瞬は、一度大きく瞳を見開き、それから幾度か瞬きを繰り返すことになったのである。
氷河が自信に満ちて告げることが、瞬には理解の範疇を超えたものだったのだ。
そんな恋の生まれ方があるものだろうか。
瞬は、恋というものは、人の心の優しさや美しさに 人の心が共鳴することで生まれるものだと思っていた。

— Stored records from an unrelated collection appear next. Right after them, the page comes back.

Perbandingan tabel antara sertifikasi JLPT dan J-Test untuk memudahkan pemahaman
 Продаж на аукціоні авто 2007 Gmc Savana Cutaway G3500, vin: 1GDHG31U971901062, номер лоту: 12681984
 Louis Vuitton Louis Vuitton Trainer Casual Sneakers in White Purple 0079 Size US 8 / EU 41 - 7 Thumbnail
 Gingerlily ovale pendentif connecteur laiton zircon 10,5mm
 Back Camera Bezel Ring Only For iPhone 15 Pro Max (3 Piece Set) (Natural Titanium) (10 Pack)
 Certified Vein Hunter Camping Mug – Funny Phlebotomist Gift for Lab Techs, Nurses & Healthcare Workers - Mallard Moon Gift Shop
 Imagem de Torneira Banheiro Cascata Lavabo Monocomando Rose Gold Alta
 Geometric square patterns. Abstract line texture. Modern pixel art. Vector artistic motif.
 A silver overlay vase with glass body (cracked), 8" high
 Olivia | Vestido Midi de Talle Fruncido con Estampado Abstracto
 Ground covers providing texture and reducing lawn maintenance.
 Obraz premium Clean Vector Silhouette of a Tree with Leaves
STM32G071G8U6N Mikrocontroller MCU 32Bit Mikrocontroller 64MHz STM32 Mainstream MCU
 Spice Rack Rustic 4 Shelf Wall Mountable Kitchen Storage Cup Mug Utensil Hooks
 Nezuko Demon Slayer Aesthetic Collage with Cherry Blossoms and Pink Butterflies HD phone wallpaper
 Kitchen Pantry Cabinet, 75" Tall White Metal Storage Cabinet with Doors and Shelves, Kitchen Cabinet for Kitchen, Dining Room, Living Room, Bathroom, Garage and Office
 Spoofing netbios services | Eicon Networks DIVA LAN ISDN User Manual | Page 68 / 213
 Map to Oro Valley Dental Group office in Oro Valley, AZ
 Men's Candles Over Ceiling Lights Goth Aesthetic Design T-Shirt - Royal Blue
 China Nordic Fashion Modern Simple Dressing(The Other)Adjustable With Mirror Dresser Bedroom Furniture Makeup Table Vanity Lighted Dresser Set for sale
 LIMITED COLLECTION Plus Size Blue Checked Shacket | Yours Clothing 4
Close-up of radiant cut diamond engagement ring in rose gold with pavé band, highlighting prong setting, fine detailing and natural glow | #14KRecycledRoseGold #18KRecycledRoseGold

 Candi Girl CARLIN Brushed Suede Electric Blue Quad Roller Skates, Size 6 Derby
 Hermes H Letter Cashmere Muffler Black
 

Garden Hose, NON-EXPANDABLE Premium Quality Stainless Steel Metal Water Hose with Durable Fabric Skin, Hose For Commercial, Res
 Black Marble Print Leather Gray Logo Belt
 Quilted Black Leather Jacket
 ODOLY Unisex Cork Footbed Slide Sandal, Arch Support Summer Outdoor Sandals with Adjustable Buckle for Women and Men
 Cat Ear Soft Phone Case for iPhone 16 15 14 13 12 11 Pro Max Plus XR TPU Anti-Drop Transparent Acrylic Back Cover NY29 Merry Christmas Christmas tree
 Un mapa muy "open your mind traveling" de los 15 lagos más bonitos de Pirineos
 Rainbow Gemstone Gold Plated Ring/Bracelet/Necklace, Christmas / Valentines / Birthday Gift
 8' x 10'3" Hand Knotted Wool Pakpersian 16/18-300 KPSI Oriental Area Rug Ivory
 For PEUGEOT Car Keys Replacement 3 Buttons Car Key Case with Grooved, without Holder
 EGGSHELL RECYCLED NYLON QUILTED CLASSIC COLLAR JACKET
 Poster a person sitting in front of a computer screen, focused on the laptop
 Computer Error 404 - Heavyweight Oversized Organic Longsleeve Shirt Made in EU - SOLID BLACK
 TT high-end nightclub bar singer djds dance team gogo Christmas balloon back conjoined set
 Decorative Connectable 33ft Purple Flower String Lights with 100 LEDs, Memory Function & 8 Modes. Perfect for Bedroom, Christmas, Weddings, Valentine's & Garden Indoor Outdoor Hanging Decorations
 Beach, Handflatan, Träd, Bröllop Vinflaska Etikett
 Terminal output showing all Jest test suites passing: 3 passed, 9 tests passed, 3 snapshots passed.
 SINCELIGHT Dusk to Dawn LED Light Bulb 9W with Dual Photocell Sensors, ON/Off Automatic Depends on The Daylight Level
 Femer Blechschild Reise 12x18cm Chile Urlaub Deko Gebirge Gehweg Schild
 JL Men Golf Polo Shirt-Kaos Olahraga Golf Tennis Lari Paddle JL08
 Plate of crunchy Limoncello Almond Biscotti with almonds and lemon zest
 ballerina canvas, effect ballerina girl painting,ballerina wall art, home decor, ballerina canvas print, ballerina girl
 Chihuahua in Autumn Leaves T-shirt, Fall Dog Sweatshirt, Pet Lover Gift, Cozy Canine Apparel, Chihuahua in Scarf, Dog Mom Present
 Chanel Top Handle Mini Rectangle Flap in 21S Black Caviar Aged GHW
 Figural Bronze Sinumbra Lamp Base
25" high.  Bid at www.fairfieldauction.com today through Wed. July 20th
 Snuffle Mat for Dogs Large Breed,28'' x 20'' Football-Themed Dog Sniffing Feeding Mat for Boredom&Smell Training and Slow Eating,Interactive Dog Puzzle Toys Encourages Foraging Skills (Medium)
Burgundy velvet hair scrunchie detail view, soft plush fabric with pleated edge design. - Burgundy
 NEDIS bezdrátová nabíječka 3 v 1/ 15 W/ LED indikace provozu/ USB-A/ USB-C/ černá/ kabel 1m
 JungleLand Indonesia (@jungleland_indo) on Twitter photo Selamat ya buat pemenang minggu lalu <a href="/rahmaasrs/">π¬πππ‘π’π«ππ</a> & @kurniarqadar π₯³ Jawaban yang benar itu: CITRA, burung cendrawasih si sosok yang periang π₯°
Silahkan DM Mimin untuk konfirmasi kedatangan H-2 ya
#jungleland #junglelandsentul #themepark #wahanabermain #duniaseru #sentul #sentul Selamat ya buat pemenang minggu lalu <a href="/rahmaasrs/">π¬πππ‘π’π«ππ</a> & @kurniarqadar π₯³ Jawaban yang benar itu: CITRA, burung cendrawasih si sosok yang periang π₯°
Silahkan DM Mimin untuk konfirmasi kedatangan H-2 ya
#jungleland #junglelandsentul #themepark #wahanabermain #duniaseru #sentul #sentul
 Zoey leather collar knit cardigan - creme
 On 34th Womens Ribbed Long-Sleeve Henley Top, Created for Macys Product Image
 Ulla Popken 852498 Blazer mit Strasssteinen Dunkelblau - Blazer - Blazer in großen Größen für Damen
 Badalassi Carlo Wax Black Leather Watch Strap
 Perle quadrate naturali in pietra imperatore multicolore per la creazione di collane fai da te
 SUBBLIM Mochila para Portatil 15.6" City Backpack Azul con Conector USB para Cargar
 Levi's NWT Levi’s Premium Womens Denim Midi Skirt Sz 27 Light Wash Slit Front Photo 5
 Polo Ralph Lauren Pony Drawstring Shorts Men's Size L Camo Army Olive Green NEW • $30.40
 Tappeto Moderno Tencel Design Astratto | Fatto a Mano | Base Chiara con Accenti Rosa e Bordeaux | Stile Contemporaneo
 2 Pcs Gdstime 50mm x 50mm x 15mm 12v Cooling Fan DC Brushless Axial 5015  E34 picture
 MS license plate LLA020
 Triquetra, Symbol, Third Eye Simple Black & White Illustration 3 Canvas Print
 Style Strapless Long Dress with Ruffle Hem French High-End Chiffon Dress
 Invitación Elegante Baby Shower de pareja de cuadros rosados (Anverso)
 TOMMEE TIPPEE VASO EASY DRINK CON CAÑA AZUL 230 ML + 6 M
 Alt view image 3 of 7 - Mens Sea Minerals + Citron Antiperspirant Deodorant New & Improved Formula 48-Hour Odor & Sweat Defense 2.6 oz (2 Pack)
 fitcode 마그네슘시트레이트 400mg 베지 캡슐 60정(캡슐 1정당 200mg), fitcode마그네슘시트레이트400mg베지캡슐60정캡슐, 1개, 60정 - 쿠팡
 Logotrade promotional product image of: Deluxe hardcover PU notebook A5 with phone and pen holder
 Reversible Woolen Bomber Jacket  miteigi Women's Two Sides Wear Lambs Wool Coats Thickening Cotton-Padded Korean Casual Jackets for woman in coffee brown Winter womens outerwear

「どっちにしても、もう離さないぞ。おまえは俺のものだ」
氷河の考えは、瞬とは違っているらしい。
好きになったきっかけなど気にしていても意味はないと言って、彼は瞬を抱きしめてきた。
瞬の髪に唇を押し当て、低く囁く。
「タコの片思いなんて、どうでもいい他人のことばかり気にして、俺の気持ちに一向に気付いてくれないおまえが可愛くて仕方ない」
「氷河……」

恋に落ちたきっかけなど、確かにどうでもいいことなのかもしれないと、瞬は氷河の胸の中で思ったのである。
今 こうして氷河に抱きしめてもらっていることが、これほど心地良いのなら――と。
その心地良さの中には、少しばかり困惑の気持ちも混じってはいたのだが。
なにしろ、勇気を出して告白してみたら、本当に恋が実ってしまったのだ。
カシオスが言っていた通りに。

臆病だった自分を抱きしめてくれる氷河の腕が温かい。
その温かさが、瞬に涙を運んできた。
なぜ この温かさは、カシオスやシャイナには手に入れることのできないものなのだろう。
瞬は氷河の胸の中で幸福で、そして、自分が幸福でいることに、罪悪感のようなものを感じ始めていた。